Image-text web data
---+---

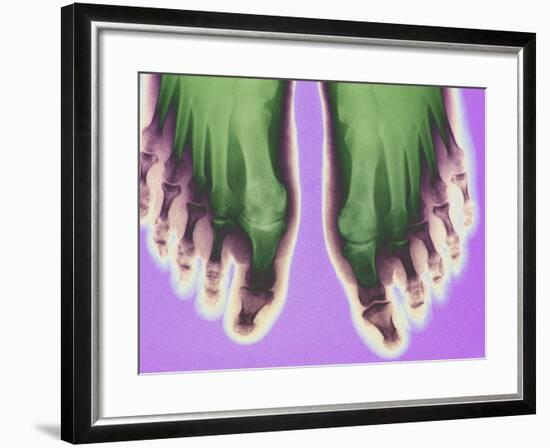 X-ray of Feet-null-Framed Premium Photographic Print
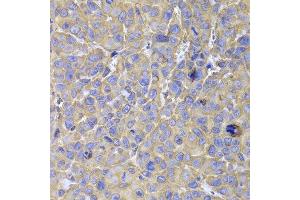 Immunohistochemistry of paraffin-embedded mouse cancer using HSPA14 antibody at dilution of 1:100 (x400 lens). (HSPA14 Antikörper)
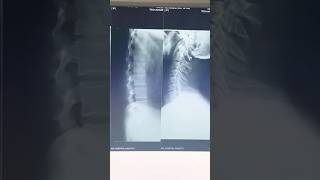 Lumber Spine X-ray on 100MA x-ray machine #ytshort #medicalimaging #xray #xrays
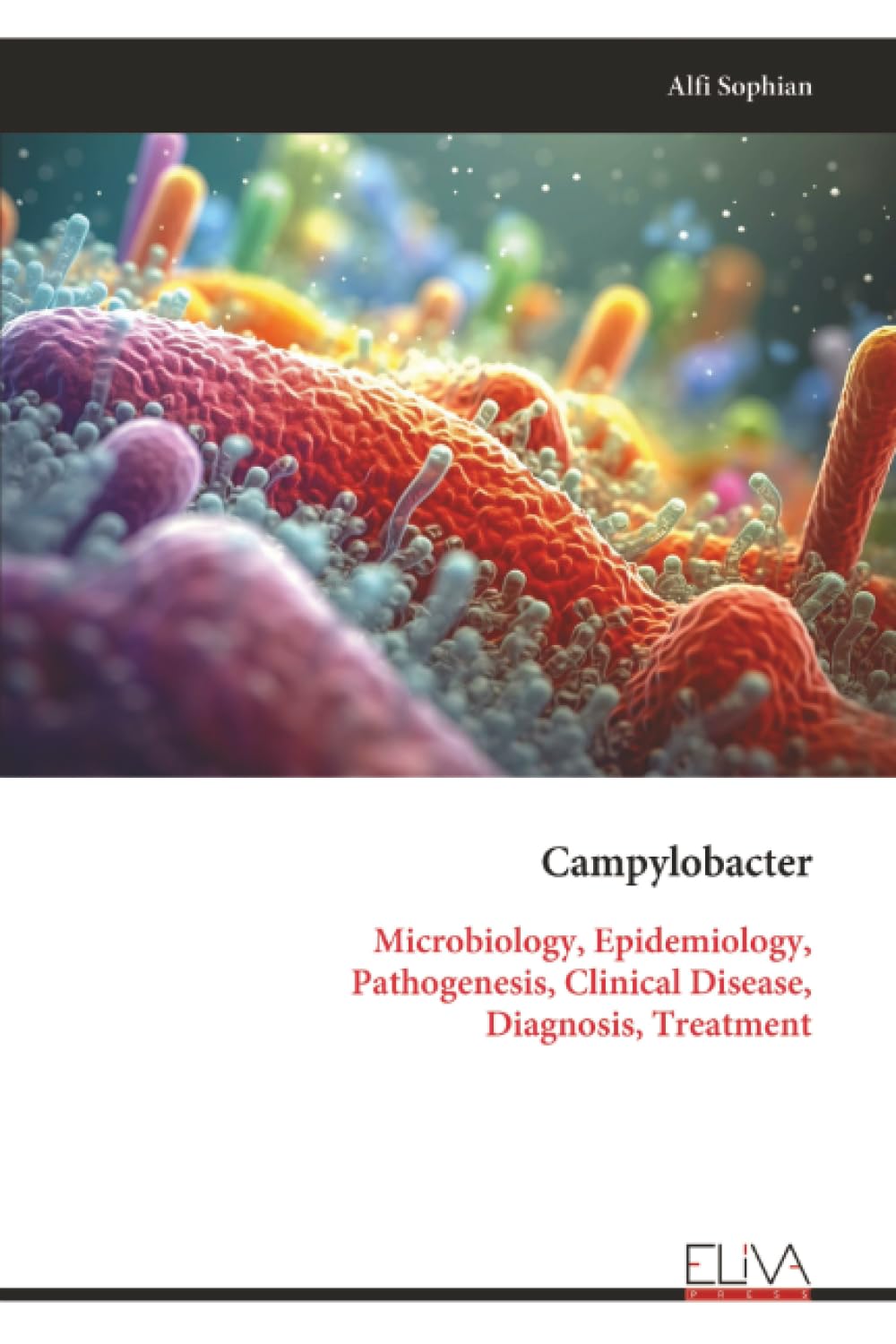 Campylobacter: Microbiology, Epidemiology, Pathogenesis, Clinical Disease, Diagnosis, Treatment
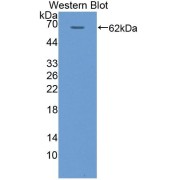 Western blot analysis of the recombinant protein.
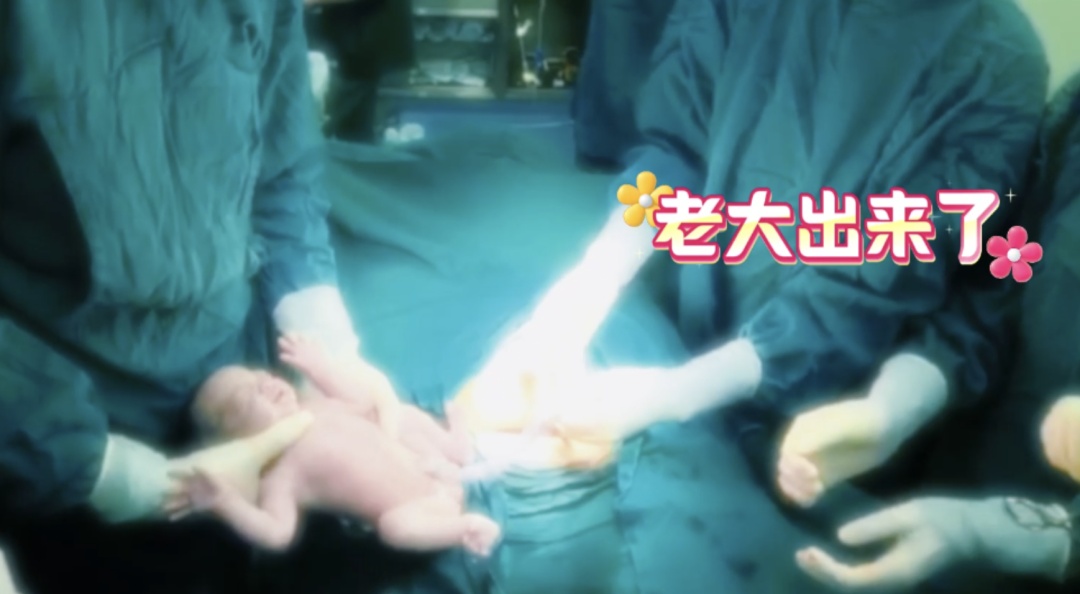 极罕见！安徽一妈妈生下三胞胎，共享一个胎盘！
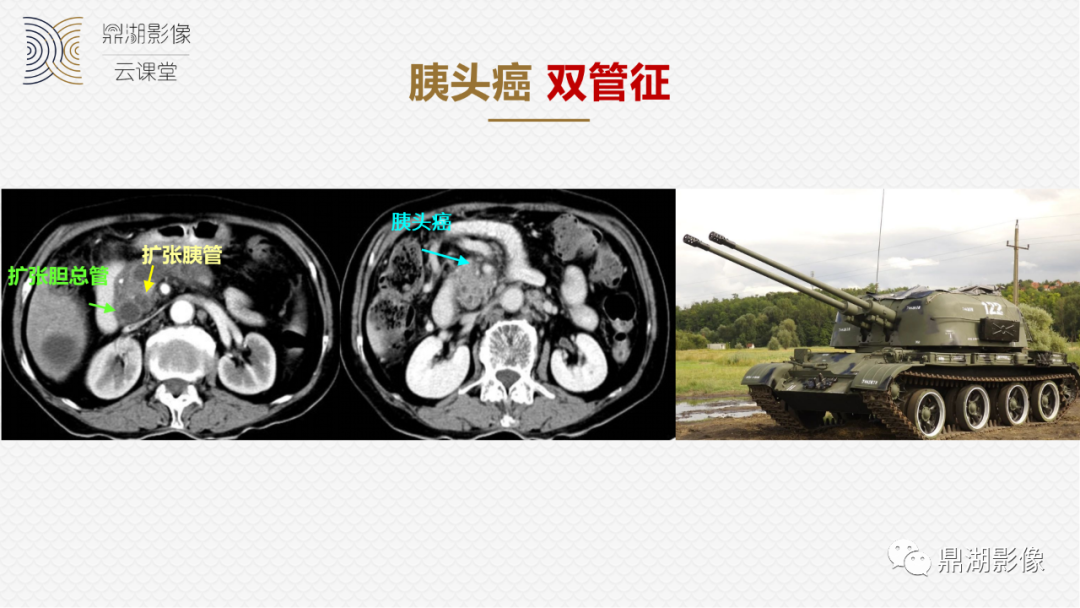 影像PPT - 速记!十五大影像特征与胰腺病变-1 影像PPT - 速记!十五大影像特征与胰腺病变-1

---+---

Exercise: The response should repeat every entry above exactly and include none of the pictures.

Answer area:
 X-ray of Feet-null-Framed Premium Photographic Print
 Immunohistochemistry of paraffin-embedded mouse cancer using HSPA14 antibody at dilution of 1:100 (x400 lens). (HSPA14 Antikörper)
 Lumber Spine X-ray on 100MA x-ray machine #ytshort #medicalimaging #xray #xrays
 Campylobacter: Microbiology, Epidemiology, Pathogenesis, Clinical Disease, Diagnosis, Treatment
 Western blot analysis of the recombinant protein.
 极罕见！安徽一妈妈生下三胞胎，共享一个胎盘！
 影像PPT - 速记!十五大影像特征与胰腺病变-1 影像PPT - 速记!十五大影像特征与胰腺病变-1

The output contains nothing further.